How Analysis Works for Multi-table Data Sources that Use Relationships

Using a data source that has multiple, related tables affects how analysis works in Tableau. Because multiple, related tables have independent domains and retain their native level of detail, when you drag fields into the view:

  • Data is queried at its natural level of detail.
  • Only data that is relevant to a viz is queried.
  • The relationships between the tables affect the results of the query. The flow of building a viz can vary depending on how tables of fields are related to each other in the data model, or if they aren't related directly.

For an overview of data source enhancements and an introduction to using relationships, see this 5-minute video.

Also see Don’t Be Scared of Relationships and these Tableau blog posts:

Note: You can still create single-table data sources in Tableau. You can build a logical table using a combination of joins, unions, custom SQL, and so on. The behavior of single-table analysis in Tableau has not changed. Analysis over a single logical table that contains a mixture of dimensions and measures works just as in Tableau pre-2020.2.

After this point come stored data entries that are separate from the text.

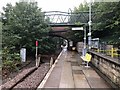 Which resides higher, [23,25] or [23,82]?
[23,25]

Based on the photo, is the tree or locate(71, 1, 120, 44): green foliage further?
the tree

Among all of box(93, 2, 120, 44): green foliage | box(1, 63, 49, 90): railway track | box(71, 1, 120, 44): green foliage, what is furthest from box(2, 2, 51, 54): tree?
box(1, 63, 49, 90): railway track

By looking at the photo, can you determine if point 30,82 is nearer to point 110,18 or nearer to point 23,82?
point 23,82

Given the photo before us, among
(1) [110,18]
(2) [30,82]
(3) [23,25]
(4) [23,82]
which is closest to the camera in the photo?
(2) [30,82]

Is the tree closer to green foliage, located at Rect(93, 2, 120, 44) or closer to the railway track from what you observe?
green foliage, located at Rect(93, 2, 120, 44)

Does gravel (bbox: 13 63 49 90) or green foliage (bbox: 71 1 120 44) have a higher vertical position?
green foliage (bbox: 71 1 120 44)

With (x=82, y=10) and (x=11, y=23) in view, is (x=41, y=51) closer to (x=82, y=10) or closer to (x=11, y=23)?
(x=11, y=23)

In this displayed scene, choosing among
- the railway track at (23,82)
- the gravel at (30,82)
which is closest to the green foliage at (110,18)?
the gravel at (30,82)

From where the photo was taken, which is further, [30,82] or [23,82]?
[23,82]

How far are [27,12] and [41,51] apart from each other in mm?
5839

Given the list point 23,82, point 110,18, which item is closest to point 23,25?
point 110,18

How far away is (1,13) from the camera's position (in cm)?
3509

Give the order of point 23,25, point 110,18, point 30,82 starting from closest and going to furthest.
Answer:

Considerations for analysis

Validating relationships

You have several options for validating your data model for analysis. As you create the model for your data source, we recommend going to a sheet, selecting that data source, and then building a viz to explore record counts, expected data, unmatched values, nulls, or repeated measure values. Try working with fields across different tables to ensure everything looks how you expect it to.

What to look for:

  • Are your relationships in the data model using the correct matching fields for their tables?
  • Would adding multiple matching field pairs make the relationship more accurate?
  • What are the results of dragging different dimensions and measures into the view?
  • Are you seeing the expected number of rows?
  • If you changed any of the Performance Options settings from the default settings, are the values that you are seeing in the viz what you would expect? If they aren't, you might want to check the settings, or reset to the default.

Options for validating relationships and the data model:

  • Every table includes a count of its records, as a field named TableName(Count), at the level of detail for that table. To see the count for a table, drag its Count field into the view. To see the count for all tables, select the Count field for each table in the Data pane, and then click the Text Table in Show Me.
  • Click View Data in the Data pane to see the number of rows and data per table. Also, before you start creating relationships, viewing the data from the data source before or during analysis can be useful to give you a sense of the scope of each table. For more information, see View Underlying Data.
  • Drag dimensions onto rows to see the Number of Rows in the status bar. To see unmatched values, click the Analysis menu, and then select Table Layout > Show Empty Rows or Show Empty Columns. You can also drag different measures to the view, such as <YourTable>(Count) from one of the tables represented in your viz. This ensures that you will see all values of the dimensions from that table.

Tip: If you would like to see the queries that are being generated for relationships, you can use the Performance Recorder in Tableau Desktop.

  1. Click the Help menu, and then select Settings and Performance > Start Performance Recording.
  2. Drag fields into the view to build your viz.
  3. Click the Help menu, and then select Settings and Performance > Stop Performance Recording. The Performance Recording workbook will automatically open.
  4. In the Performance Summary dashboard, under Events Sorted By Time, click an "Executing Query" bar and view the query below.

Another more advanced option is to use the Tableau Log Viewer(Link opens in a new window) on GitHub. You can filter on a specific keyword using end-protocol.query. For more information, start with the Tableau Log Viewer wiki page(Link opens in a new window) in GitHub.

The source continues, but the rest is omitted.